Family businesses are on course to be led by more women, as responsibilities and wealth transfer to the next generation, and the dividends to society and the balance sheet are already clear.
While it is still far more common to see men at the top in family business, and the gender pay gap closes at a glacial pace, some research suggests that inequality is less acute within family-controlled companies than other businesses.
A 2017 study by consultancy EY, Women in Leadership: The Family Business Advantage, looked at 525 of the world’s largest family-owned companies, and found that on average 22% of the C-suite was female, compared to 13% to 15% women in top management positions in the general pool of Fortune 500 companies.
More than 40% of these family businesses told EY that female family members had become more interested in joining the company over the previous three years, while 70% were considering a woman for their next chief executive.
During this month of September, CampdenFB is championing 20 next-gen women who are already taking their families to the next level. After spotlighting Alisha Moopen, Lydia Forte, Laura Rea Dickey, Ruchi Dana and Marcella Kanfer Rolnick in week one, then Verena Bahlsen, Sophiya Faizal, Pilar Martínez-Cosentino, Elisabeth Murdoch and Juana Roig in week two, this week we find out how Sabrina Chao, Sole Ferragamo, Jennifer Yuengling-Franquet and Wendy Yuengling Baker, Colleen Wegman and Helen Barbour are fortifying their family businesses.
Sabrina Chao is the chairwoman of Hong Kong’s Wah Kwong Maritime Transport Holdings, having joined her family’s 1952-founded business via a high-flying career in finance. In the early 2000s she continued her studies with Galbraith’s shipping course in London and has since been a stalwart of Hong Kong’s logistics industry.
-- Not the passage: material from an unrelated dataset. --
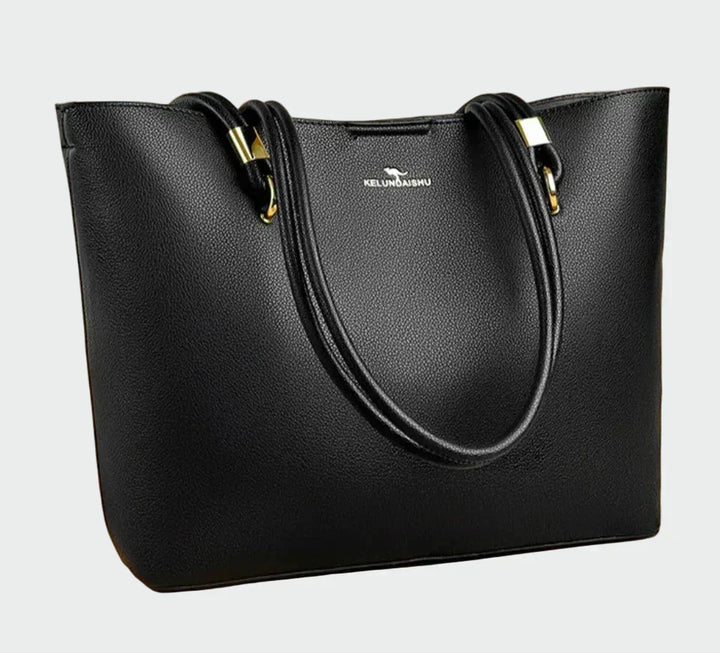 Elegant and Timeless Tote Bag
The young leader has won numerous awards including Connecticut Maritime Association’s Commodore Award and described herself as a “not obvious, [or] stereotypical” leader due to her reserved nature. She was the first woman to be elected chair of the Hong Kong Shipowners Association and served from 2015 to 2017. She is a trustee of the Hong Kong Maritime Museum, among a number of her non-profit roles.
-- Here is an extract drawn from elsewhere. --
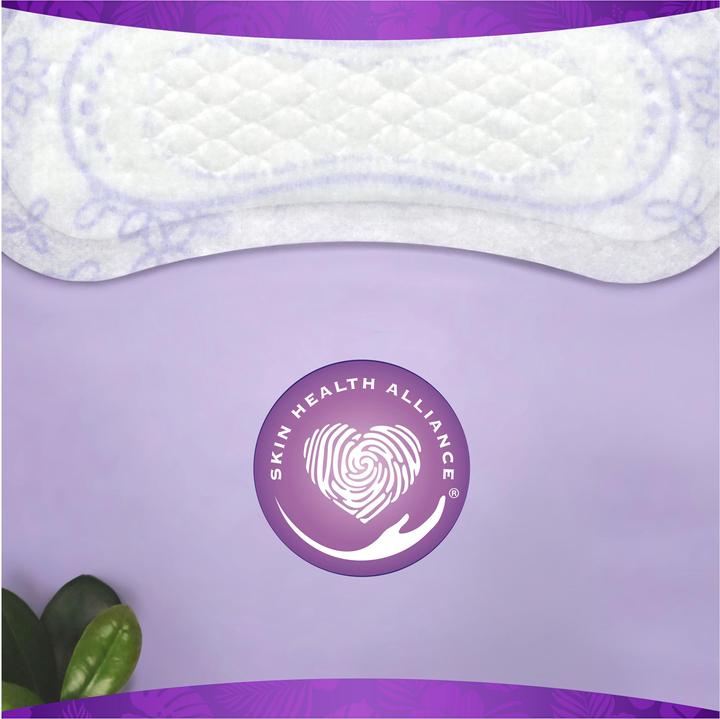 Actual product image Always Dailies Fresh&Protect (1.30 x)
Sole Ferragamo is the granddaughter of the revered Salvatore Ferragamo and has drawn on her family’s passion and creativity with leather—but in her own distinct way. She designs and crafts leather jewellery using off-cuts form the luxury industry, and founded SO-LE Studio, a London-based and self-funded start-up with a boutique presence in Mykonos and Florence. The company was nominated for the CEDIT Prize awarded to an emerging Italian designer at Miart. In addition it was awarded Positive Luxury’s Butterfly Mark for its commitment to sustainability. Sole won CampdenFB’s Top Next Generation Entrepreneur Award at the European Families in Business Awards 2018.
Jennifer Yuengling-Franquet and Wendy Yuengling Baker are the most senior of four Yuengling daughters who have been working for their sixth-generation family-owned brewery, DG Yuengling & Son, since 2014. Along with sisters Debbie and Sheryl, they work alongside their father Dick Yuengling, credited with turning around the fortunes of America’s oldest brewery. With Jen in charge of operations and Wendy as chief administrative officer, the brewery launched its Golden Pilsner in 2018, Yuengling’s first new product in 17 years. The four sisters have a blog “& Daughters”, a play on the concept of working for “& Son”-style business in the male-dominated brewing industry. The business sponsors a tuition scholarship and supports military families.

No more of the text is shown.